Tim O'Reilly Points Toward Next 'Killer App'
santos_douglas writes "Extreme Tech has this article in which Tim O'Reilly, the man behind every geeks favorite tech manuals, points toward four major leading indicators that will predict the next likely 'killer app' to emerge from the hacker community. They are: (1) Amazon.com web services (2) BARWN (3) Hardware hackers and (4) online gaming communities."
"next major breakthrough", it's in about a 1/3 of the emails I receive every day! There must be lots of breakthroughts and killer apps out there, after all email doesn't lie. In fact, right now the wife's up to double d, using some of that money from dead nigerian presidents, we're on vacation on that free offer to barbadoes, and don't even ask what's down my pants these days!
No, there is only one killer app everyone really wants and needs. It's the killer app that kills spam...
gnutella-style non-centralized encrypted file-sharing thing with full irc-style-chat and superduper intelligent dynamic node management type stuff to regulate the network.
I'm smarter than the average bear.
...Like BitTorrent.
It's a bit difficult to think of distributed services being for anyone other than uber-geeks and people who desperately need processing power.
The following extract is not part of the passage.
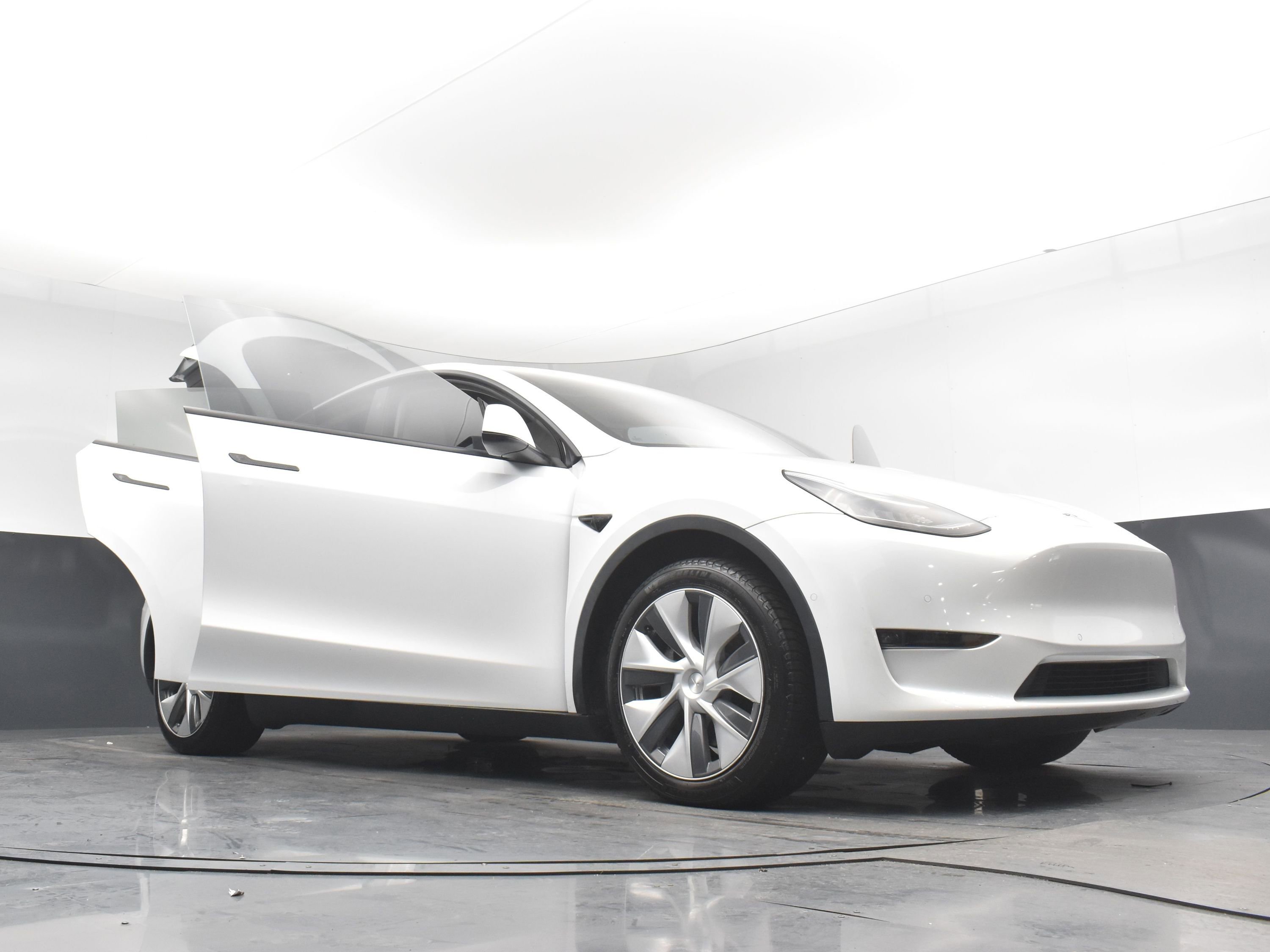 Used 2021 Tesla Model Y Long Range image 27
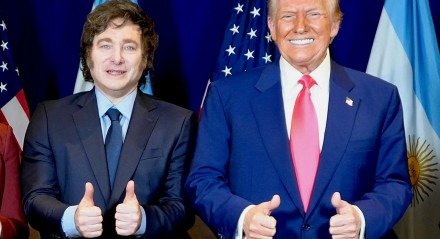 Javier Milei e Donald Trump em encontro neste sábado (22), nos Estados Unidos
We've been doing distributed number crunching for a few years now, so it's only a matter of time before distributed services take hold. Distributed downloading, which was started by the various P2P apps and has been almost perfected by BitTorrent is the next iteration of that. Imagine what the next iteration of this tech will bring. Imagine hosting your entire website off of your own computer, but as part of a 'distributed' web with a browser Torrent plugin to make bandwidth seem thicker and easier to come by.
Other distributed services are just around the corner.
The next Slashdot story will be ready soon, but subscribers can beat the rush and slashdot the links early!
O'Reilly - Amazon.com Web Services Nutshell
O'Reilly - Essential BARWN
O'Reilly - Hardware Hackers Pocket Reference
O'Reilly - Online Gaming The Definitive Guide
"Tim Oreilly tries to promote next conference.."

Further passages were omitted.